Computational Applied Mechanics

Limit State Analysis of Paper and Paperboard (LiSA:Paper)

Does the fact that paper and paperboard exhibit elastoplastic material response on the macroscale, like metals for example, imply the existence of similar shakedown phenomena, despite the fact that the underlying microscale mechanisms are completely different?

Despite approximately 2000 years of use, the material behavior of paper remains insufficiently understood, and its modeling is underdeveloped.

The difficulty in modelling paper arises from its intrinsic microstructure, which comprises an unstructured fiber network (see Figure 1). This network structure determines the macroscale material response, which exhibits a distinctive elastoplastic behavior. While elastoplasticity is well-understood for engineering materials such as metals, where mechanisms like plastic slip on the microstructure are known to result in plasticity on the macroscale, such effects are markedly different in paper.
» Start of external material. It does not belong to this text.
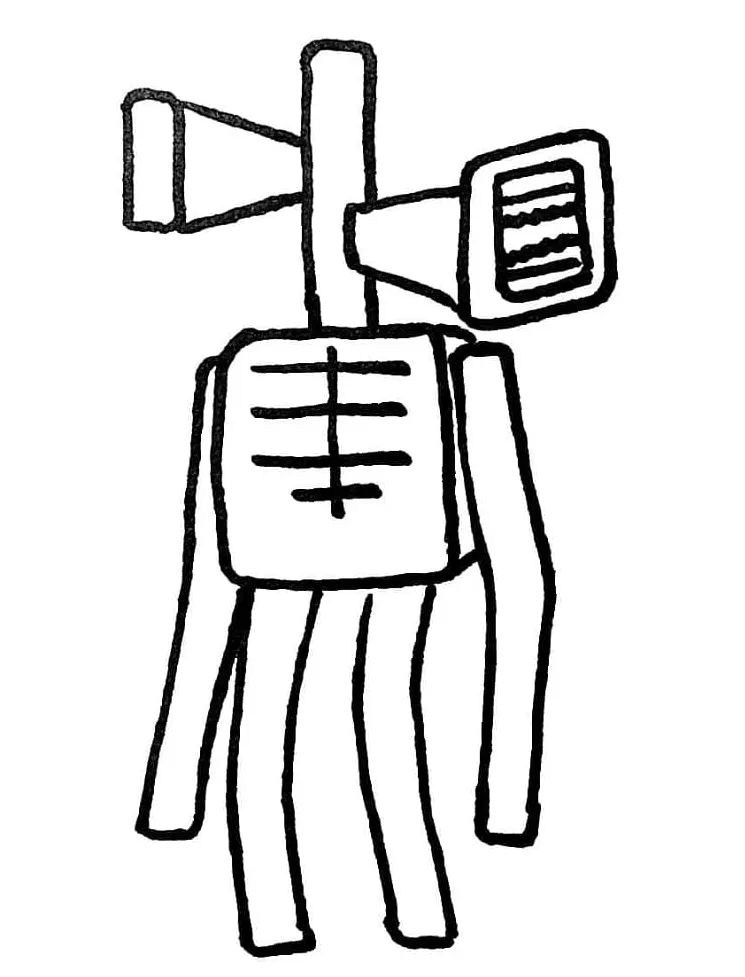 Easy Siren Head coloring page - Download, Print or Color Online for Free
Furthermore, the limit states of metals and numerous other materials are well-characterized and understood, even in the context of time-varying loading scenarios, such as cyclical loading.

Such limit states are defined as the maximum loading state at which the system can still be considered "safe" and will not fail due to alternating plasticity (plastic deformations with changing signs and low overall plastic strains leading to low cycle fatigue) or due to incremental plastic collapse (continuously growing plastic deformations leading to failure even after low numbers of cycles).

These safe states are referred to as "shakedown" (Figure 2).

Computing those limit states in terms of the structural load-bearing capacity is an important and challenging task for construction engineers in structural design.